3. “IF GOD…?” IN OPENNESS

I’m happy to say the conversation I’ve described also included a lot of “If God…?” openness. “If there is a God, then maybe…” “If God” in this way doesn’t need theological definition. It’s more about an openness that prays, “If there’s a God out there, would you help me? Would you change me? Would you meet me where I’m at? Would you become real to me?” 

Many in that group have not come to any conclusions about who or what God might be—they may still get triggered by “God talk”—yet in praying “as if” God could be listening, they testify to an experience of growth toward freedom in the act of surrender itself, so they’re sticking with it.   

4. “IF GOD?” IN FAITH

Some among us have embraced an “If God…” kind of faith. The IF there isn’t so much about wavering or tentative faith. It’s just that we’ve lost the need to “prove God” to ourselves or others. Whoever or whatever God is, we’ve found that knowing God intimately isn’t contingent on courtroom apologetics, scientific evidence, or any kind of proof. I know God in sort of the same way I know my wife loves me—and in that case, it’s a relationship that doesn’t even rely on my unstable feelings.

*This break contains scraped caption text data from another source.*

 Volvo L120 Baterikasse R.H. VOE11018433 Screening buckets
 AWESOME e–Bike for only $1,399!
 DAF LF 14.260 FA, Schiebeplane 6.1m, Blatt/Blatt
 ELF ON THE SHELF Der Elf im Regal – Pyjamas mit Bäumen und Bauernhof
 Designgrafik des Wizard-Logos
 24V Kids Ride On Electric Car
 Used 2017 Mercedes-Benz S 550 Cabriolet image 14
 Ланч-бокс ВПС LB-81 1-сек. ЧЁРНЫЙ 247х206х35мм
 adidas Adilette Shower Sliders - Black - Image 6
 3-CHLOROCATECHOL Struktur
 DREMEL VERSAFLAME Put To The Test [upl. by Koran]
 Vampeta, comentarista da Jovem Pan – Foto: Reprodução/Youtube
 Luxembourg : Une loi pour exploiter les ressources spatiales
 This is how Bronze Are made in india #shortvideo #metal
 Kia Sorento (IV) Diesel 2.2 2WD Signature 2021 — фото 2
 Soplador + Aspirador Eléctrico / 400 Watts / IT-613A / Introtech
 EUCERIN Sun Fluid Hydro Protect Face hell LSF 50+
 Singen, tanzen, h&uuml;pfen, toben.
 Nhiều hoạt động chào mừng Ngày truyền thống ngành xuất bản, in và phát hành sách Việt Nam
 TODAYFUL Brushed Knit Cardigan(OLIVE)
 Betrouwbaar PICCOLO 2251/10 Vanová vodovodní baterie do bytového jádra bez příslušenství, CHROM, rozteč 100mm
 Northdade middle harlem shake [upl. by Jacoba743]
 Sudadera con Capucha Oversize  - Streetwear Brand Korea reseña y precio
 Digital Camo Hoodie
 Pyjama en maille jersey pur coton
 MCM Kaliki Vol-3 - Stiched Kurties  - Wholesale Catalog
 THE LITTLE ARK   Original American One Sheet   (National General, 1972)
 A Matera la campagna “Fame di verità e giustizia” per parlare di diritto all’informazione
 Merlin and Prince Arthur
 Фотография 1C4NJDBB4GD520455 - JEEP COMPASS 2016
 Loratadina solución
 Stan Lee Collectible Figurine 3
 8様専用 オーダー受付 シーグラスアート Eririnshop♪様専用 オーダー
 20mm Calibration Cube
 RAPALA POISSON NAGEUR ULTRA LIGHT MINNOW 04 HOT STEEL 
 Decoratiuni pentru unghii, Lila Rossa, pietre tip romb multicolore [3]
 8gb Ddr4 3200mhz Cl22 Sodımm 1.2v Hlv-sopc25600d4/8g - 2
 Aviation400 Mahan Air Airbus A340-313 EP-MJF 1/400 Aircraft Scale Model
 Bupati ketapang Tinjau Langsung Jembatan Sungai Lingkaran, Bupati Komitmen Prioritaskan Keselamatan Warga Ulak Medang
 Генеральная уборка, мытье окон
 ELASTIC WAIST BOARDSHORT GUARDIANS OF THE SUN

Now, that type of faith isn’t in full bloom until it includes active trust and surrender to God’s loving care (a process, for sure). But the eye-opener for me was how deep that trust is in some of my agnostic friends! Strange. Wonderful! Challenging! And it’s not that they made me want to become an agnostic. Instead, their agnostic faith inspired me to a greater faith in my God, the Father revealed in Jesus.